Collapse Into Super Massive Black Holes example essay topic
However, if the final mass of the remaining stellar core is more than three solar masses, as shown by the American physicists J. Robert Oppenheimer and Hartland S. Snyder in 1939, nothing remains to prevent the star from collapsing without limit to an indefinitely small size and infinitely large density, a point called the 'singularity. At the point of singularity the effects of Einstein's general theory of relativity become paramount. According to this theory, space becomes curved in the vicinity of matter; the greater the concentration of matter, the greater the curvature. When the star (or supernova remnant) shrinks below a certain size determined by its mass, the extreme curvature of space seals off contact with the outside world. The place beyond which no radiation can escape is called the event horizon, and its radius is called the Schwarzschild radius after the German astronomer Karl Schwarzschild, who in 1916 postulated the existence of collapsed celestial objects that emit no radiation. For a star with a mass equal to that of the sun, this limit is a radius of only 0.9 mi (1.5 km).
Even light cannot escape the black hole but is turned back by the enormous pull of gravitation. It is now believed that the origin of some black holes is non stellar. Some astrophysicists suggest that immense volumes of interstellar matter can collect and collapse into super massive black holes, such as are found at the center of some galaxies. The British physicist Stephen Hawking has postulated still another kind of non stellar black hole. Called a primordial, or mini, black hole, it would have been created during the 'big bang, in which the universe was created (see cosmology). Unlike stellar black holes, primordial black holes create and emit elementary particles, called Hawking radiation, until they exhaust their energy and expire.

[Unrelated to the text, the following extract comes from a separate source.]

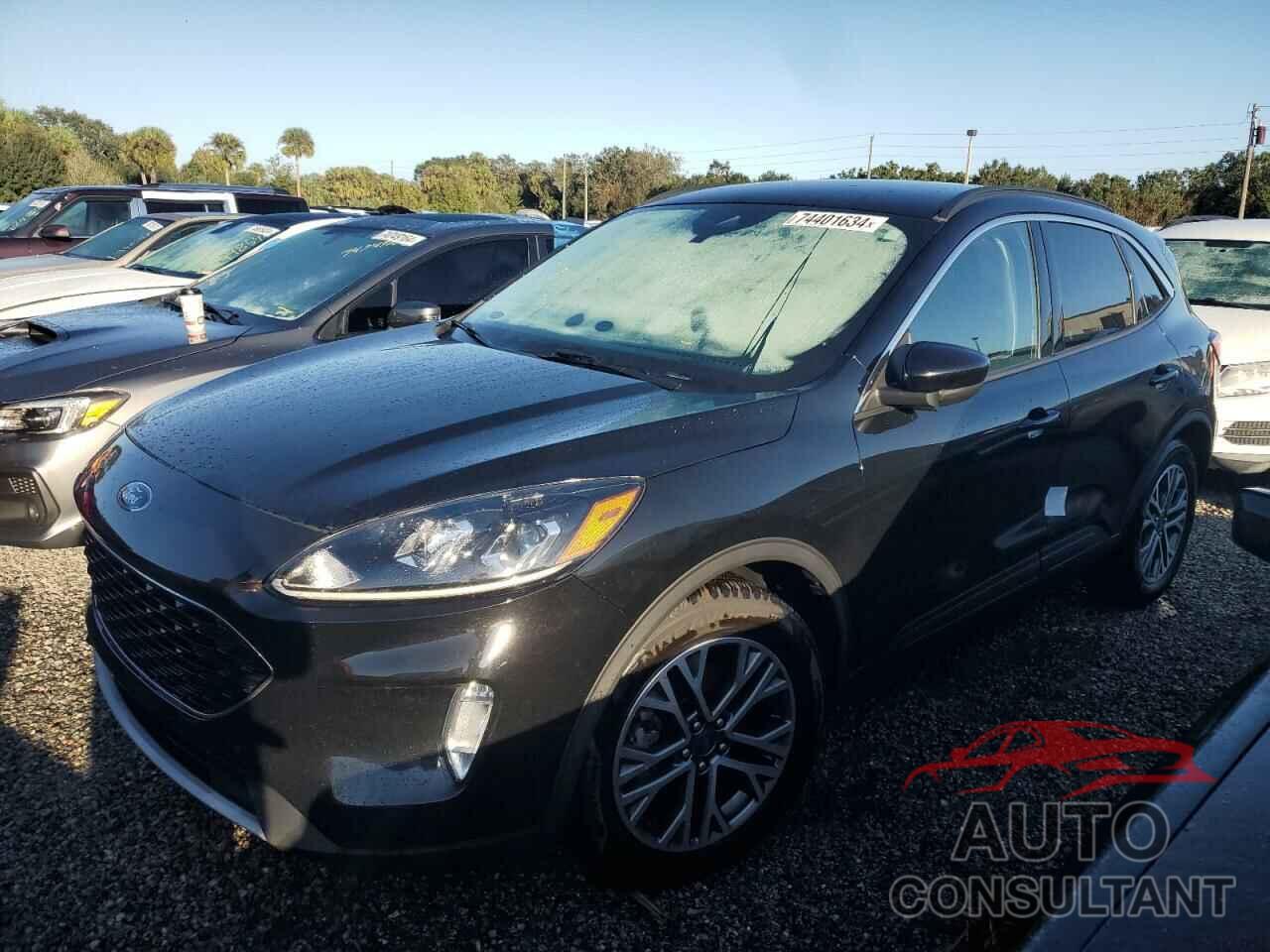 FORD ESCAPE 2020 - 1FMCU0H62LUA23878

It has also been suggested that the formation of black holes may be associated with intense gamma ray bursts. Beginning with a giant star collapsing on itself or the collision of two neutron stars, waves of radiation and subatomic particles are propelled outward from the nascent black hole and collide with one another, releasing the gamma radiation. Also released is longer-lasting electromagnetic radiation in the form of X rays, radio waves, and visible wavelengths that can be used to pinpoint the location of the disturbance. Because light and other forms of energy and matter are permanently trapped inside a black hole, it can never be observed directly. However, a black hole could be detected by the effect of its gravitational field on nearby objects (e. g., if it is orbited by a visible star), during the collapse while it was forming, or by the X rays and radio frequency signals emitted by rapidly swirling matter being pulled into the black hole. A small number of possible black holes have been detected, although none of the discoveries has been conclusive.

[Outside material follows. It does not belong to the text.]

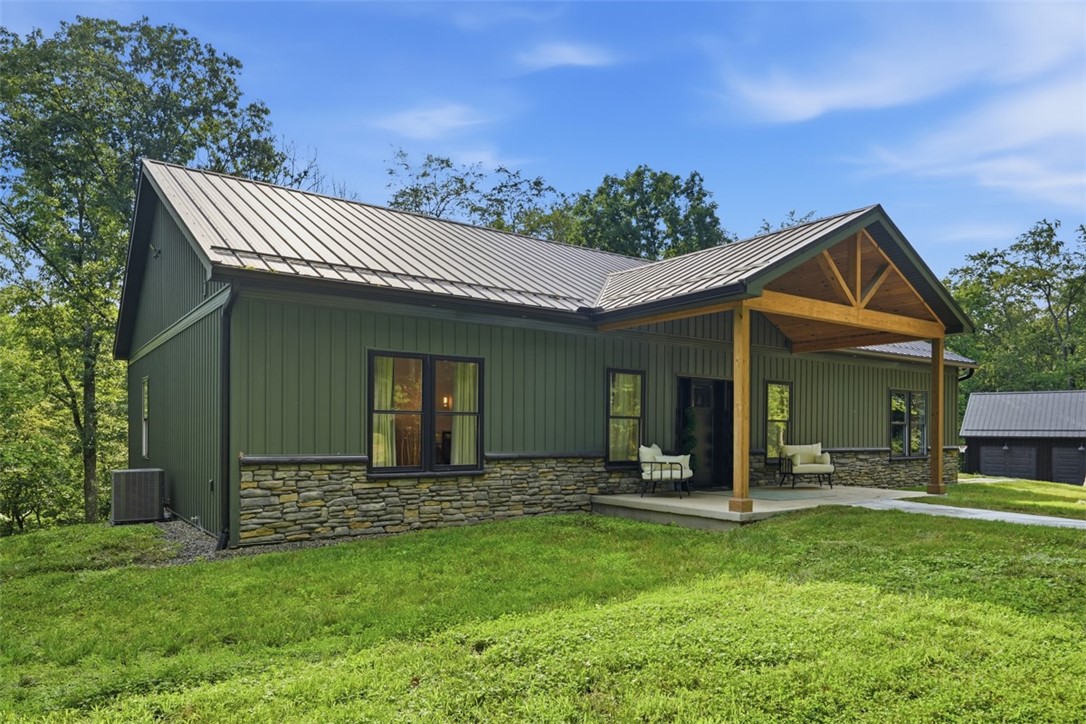 521 Creek Rd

The first discovered (1971) was Cygnus X-1, an X-ray source in the constellation Cygnus. In the 1980's, one of the strongest cases for a black hole was identified in the constellation Monoceros and labeled A 0620-00. V 404 Cygne, close to Cygnus X-1, and Nova Muscle 1991 in the constellation Musca were discovered around the turn of the decade. In 1994 a possible black hole at the center of galaxy M 87 was found using the Hubble Space Telescope, and a year later NGC 4261 in the constellation Virgo, QZ Vul in the constellation Vulpecca, and a potential black hole deep within the spiral galaxy NGC 4258 were identified.